What you need to do:
Copy the entries word for word. Keep the pictures out.

Input material:
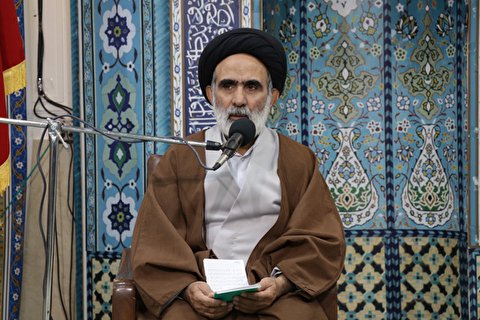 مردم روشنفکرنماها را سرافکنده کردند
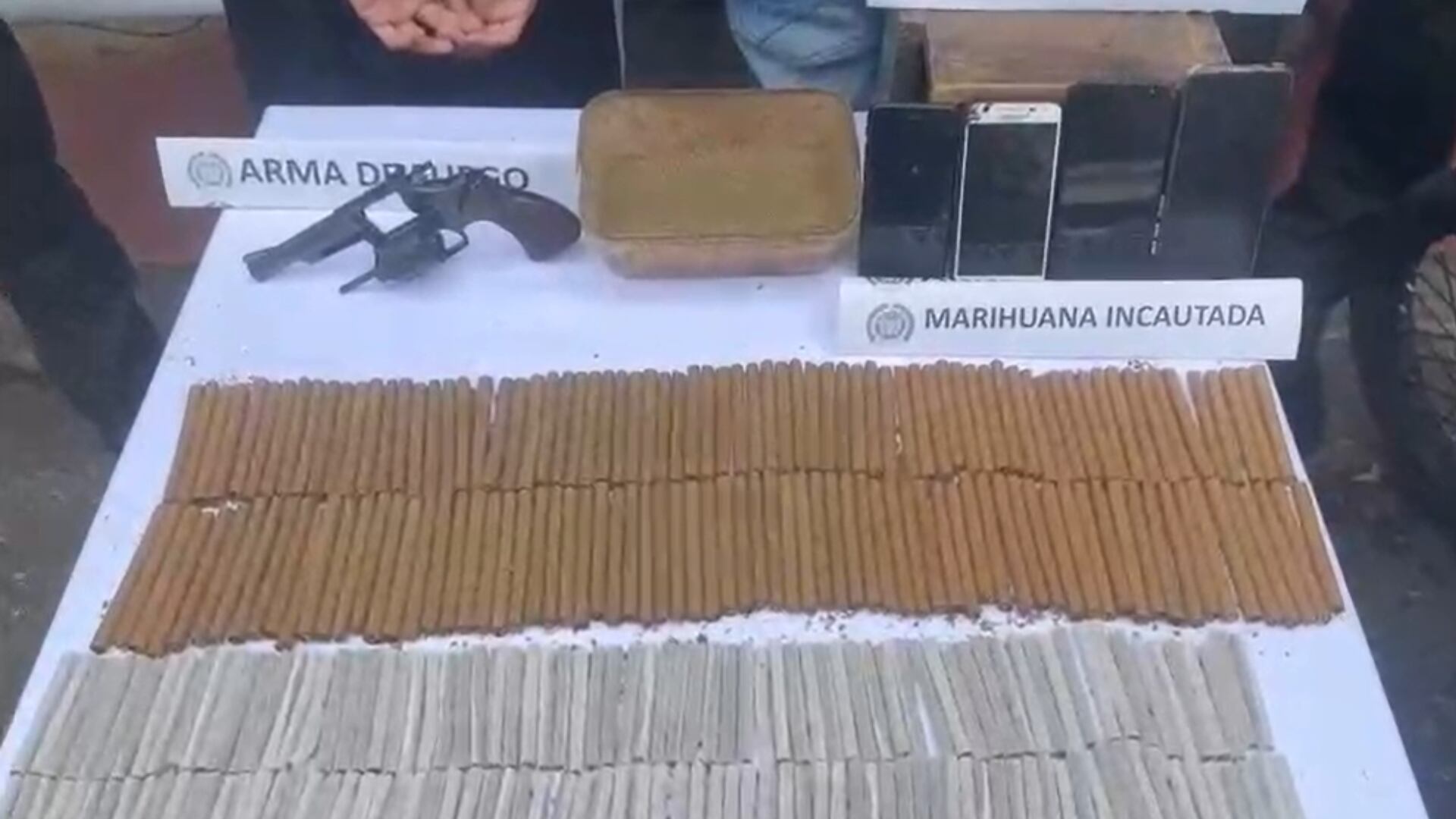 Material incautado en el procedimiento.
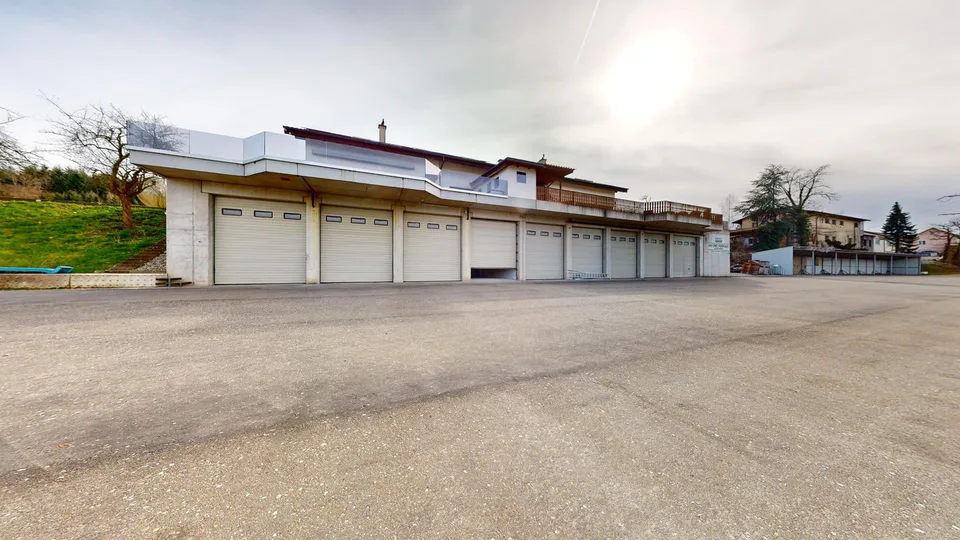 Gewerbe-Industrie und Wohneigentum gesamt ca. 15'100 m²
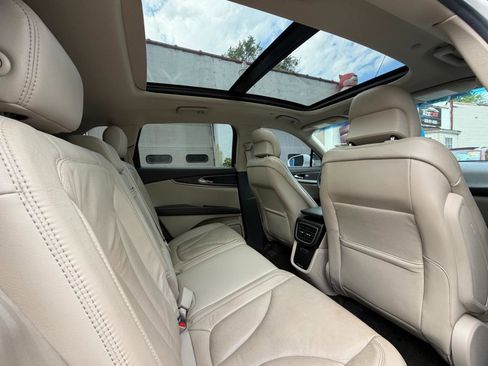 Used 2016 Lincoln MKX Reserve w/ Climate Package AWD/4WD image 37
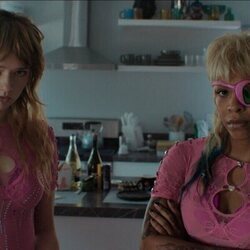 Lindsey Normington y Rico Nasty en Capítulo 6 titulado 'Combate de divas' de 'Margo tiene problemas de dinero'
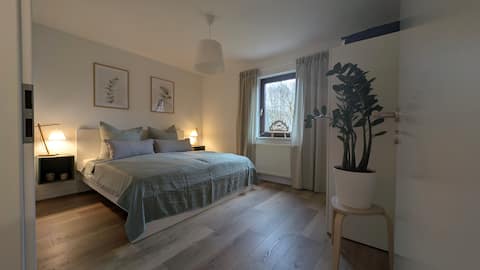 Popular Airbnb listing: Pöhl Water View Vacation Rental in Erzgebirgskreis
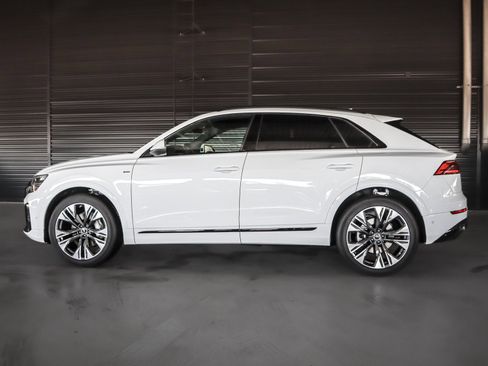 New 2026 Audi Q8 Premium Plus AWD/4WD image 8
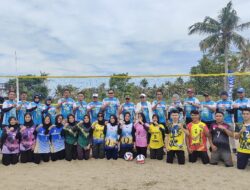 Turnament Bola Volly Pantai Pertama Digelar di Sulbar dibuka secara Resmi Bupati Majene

Completed task:
 مردم روشنفکرنماها را سرافکنده کردند
 Material incautado en el procedimiento.
 Gewerbe-Industrie und Wohneigentum gesamt ca. 15'100 m²
 Used 2016 Lincoln MKX Reserve w/ Climate Package AWD/4WD image 37
 Lindsey Normington y Rico Nasty en Capítulo 6 titulado 'Combate de divas' de 'Margo tiene problemas de dinero'
 Popular Airbnb listing: Pöhl Water View Vacation Rental in Erzgebirgskreis
 New 2026 Audi Q8 Premium Plus AWD/4WD image 8
 Turnament Bola Volly Pantai Pertama Digelar di Sulbar dibuka secara Resmi Bupati Majene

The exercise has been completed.